Looking at the history of financial development over the past century, real estate has historically been the trigger for financial crises, and this has a lot to do with the mortgage model for buying a home. If home prices go up, this mortgage relationship is healthy and the collateral does not impair in value. But once home prices fall, there is a risk that the collateral will not be worth enough and additional collateral will be needed. If the homeowner chooses to cut off the mortgage at this time, the bank’s risk will be dramatically magnified, typically by the U.S. subprime mortgage crisis that brought down Lehman Brothers, Freddie Mac, Fannie Mae and other financial institutions. Of course, there was also The Japanese economic crisis caused by the skyrocketing housing prices in Japan. These are not far-fetched examples. President Guo of course understands the power in between, so last year kept ringing the alarm bell, following the three red lines of debt for property developers, and now the introduction of a mortgage ratio of two red lines, is to prevent China’s real estate step Japan, the United States housing market dragged down the banks, to prevent this gray rhinoceros led to China’s financial crisis.

In the past, the world has produced a total of more than 100 financial crises, 80% of which are related to real estate. The most recent one was in 2008, so now the banking system is directly suppressed by means of administrative orders, directly through the lending ceiling red line, which is equivalent to putting a tightening spell on the banks. Many times the more recessionary the economy is, the hotter this kind of speculation on real estate using high leverage becomes. Coupled with the Chinese obsession with houses, with more than 50% of financial capital flowing into real estate, the negative effects of this kind of high-risk speculation on real estate can’t be overstated.

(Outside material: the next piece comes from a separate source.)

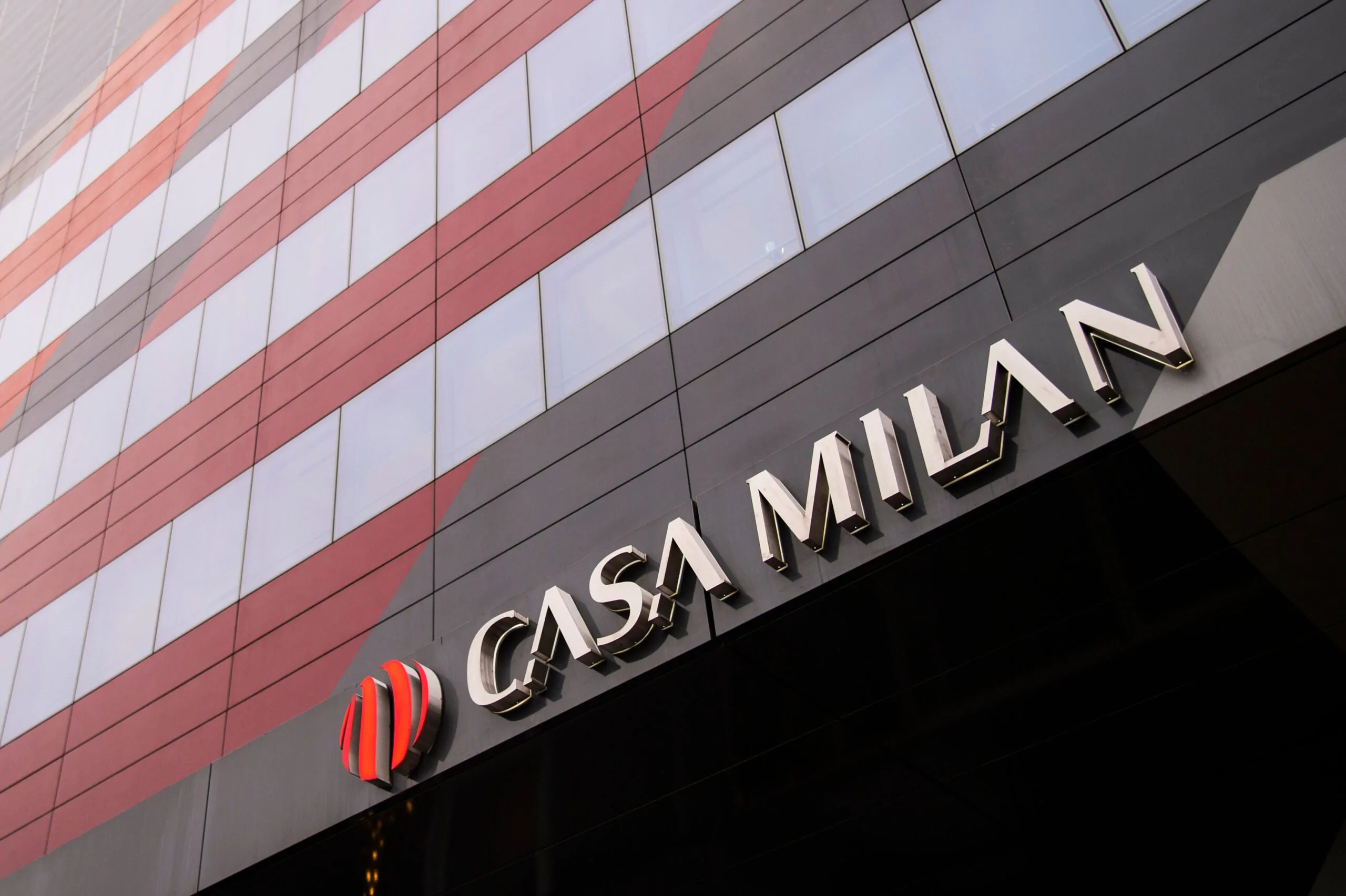 Maikel Oettle è il nuovo Commercial Director di AC Milan, il comunicato ufficiale!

The central regulators are actually wary of the fact that real estate can impact the financial system. In the China Financial Non-Performing Assets Market Survey Report (2018) released in 2018, a stress test report was done on the Chinese banking system. The report showed that the banking system would be under significant pressure if housing prices fell by 20-30%. That is to say, this is basically the tipping point at which the banking system can withstand stress. That means, of course, that it is possible for the Chinese property market to fall that much. It’s actually a sandbox projection in advance.

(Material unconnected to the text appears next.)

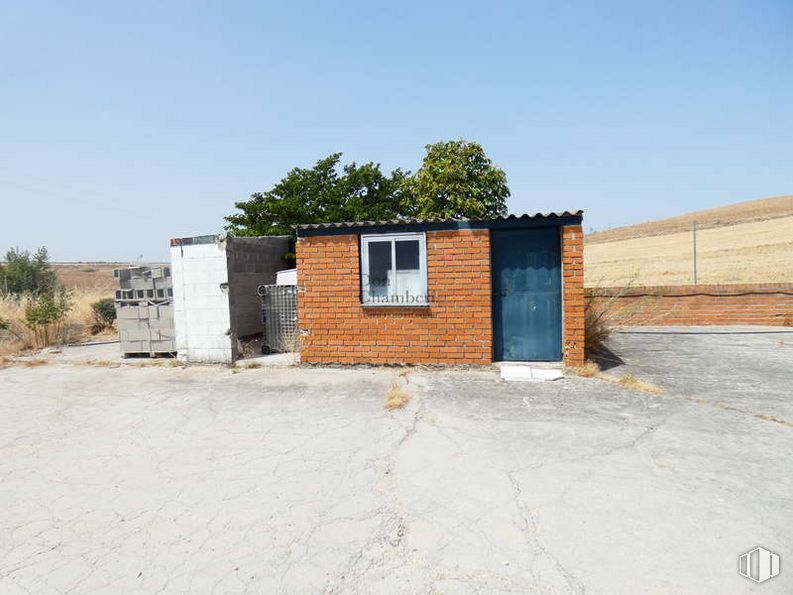 Industrial for sale at Carretera CM-5007, Valmojado, Toledo, 45940 with window, house, door, sky, property, plant, tree, land lot, asphalt and landscape around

Now it may have almost reached such a tipping point, so the central bank’s CBRC is urgently introducing measures to limit the proportion of real estate loans to bank loans. Of course, this restriction is also intended to prevent money from the property market from emptying out what little residential savings remain and derailing China’s plans for an internal consumption cycle.

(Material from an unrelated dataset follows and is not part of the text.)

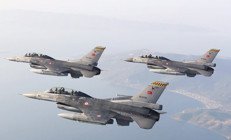 ‘Türkiye’ye F-16 silahları için onay verin’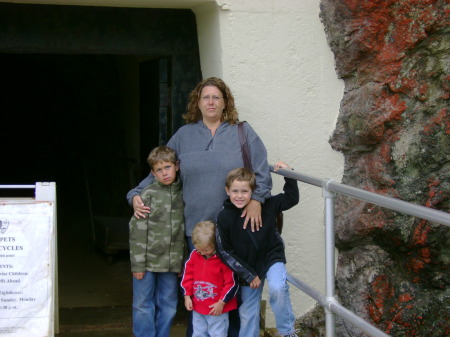 Amy Reid Photo 33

On the last day of 2020, the Communist Party’s central bank and CBRC suddenly issued a notice on centralized mortgage management. Several points can be introduced here: last year’s mortgage data has already made the central bank and CBRC feel uneasy, and the concern about the real estate gray rhinoceros dragging down banks is getting heavier, so this measure was urgently introduced. At the same time, suppressing the inflow of funds into real estate may leave funds for next year’s government as well as corporate bond issuance, bank loans if they all flow into the property market, the bond market next year how? Government bonds and corporate bonds no one to buy, may lead to the risk of local financial bankruptcy, but also may happen than the 2020 permanent coal bond default greater bond risk. Of course, the infrastructure that drives economic growth also needs money, and consumption also needs money. The overall funding is limited, with only five lids. But to cover ten buckets, there are too many monks and too little porridge to eat. This is the main reason for the central bank, the CBRC to enlarge the move. This bucket of ice water splashed down, the southern property market next year, the space to rise is basically limited to death. Whether it will follow in the footsteps of the northern cities, it remains to be seen!